Grammars
Grammars enable the formalisation of language and grammar. This has wide uses in NLP such as sense disambiguation, grammatical checking, etc.
Context Free Grammars (CFGs)
CFGs grammars consist of a set of production rules, containing a non-terminal symbol and the symbols it generates, shown though an arrow.
CFGs split language into constituents, which is the idea that groups of words can be split into units, or constituents.
Applying a set of productions to a text is a derivation, which are shown through parse trees:
- Terminal nodes (words) are the leaves
- Non-terminal nodes define lexical categories (e.g. POS tags)
- The root node is the usually the start symbol (S)
There can be multiple derivations of a single sentence using the same grammar, this can lead to ambiguity to the intended parse.
Sentences which cannot be represented using the grammar are known as ungrammatical, the set of all possible generations are the grammatical sentences.

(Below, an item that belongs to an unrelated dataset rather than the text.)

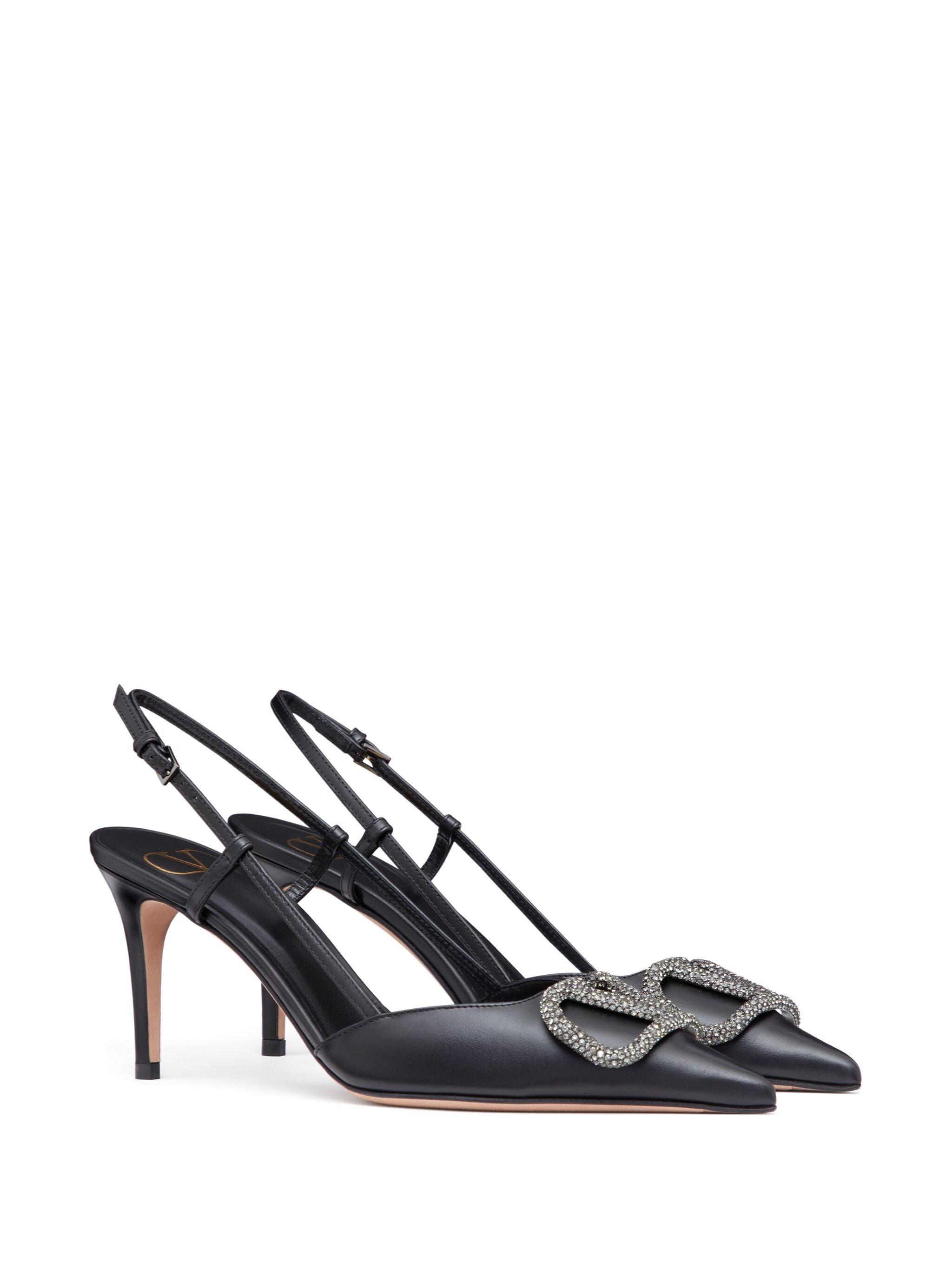 Valentino Garavani VLogo Signature Slingback pumps Black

This is known as structural ambiguity.
Treebanks are corpuses in which every sentence is annotated using a parse tree. E.g. the Penn Treebank POS tagset
CKY Parsing
Cocke-Kasami Younger (CKY) parsing is a classic dynamic programming (chart parsing) approach to parsing.
For CKY grammars must be in Chomsky Normal Form, where productions are either two non-terminals or a single terminal. All CFGs can be converted into CNF through the addition of new dummy non-terminals.
CKY represents all possible parses of a sentence by filling a 2D matrix where each cell \((i, j)\) represents possible constituents in the fenceposted span between \(i\) and \(j\). The matrix is filled left-to-right and bottom-up, ensuring that we have the solutions to all sub problems of a specific cell. Backpointers are kept to show where the individual parses were derived
Filling the parse representation matrix gives us all possible parses (by follow back pointers from (0, n)) However it does not tell us which is best.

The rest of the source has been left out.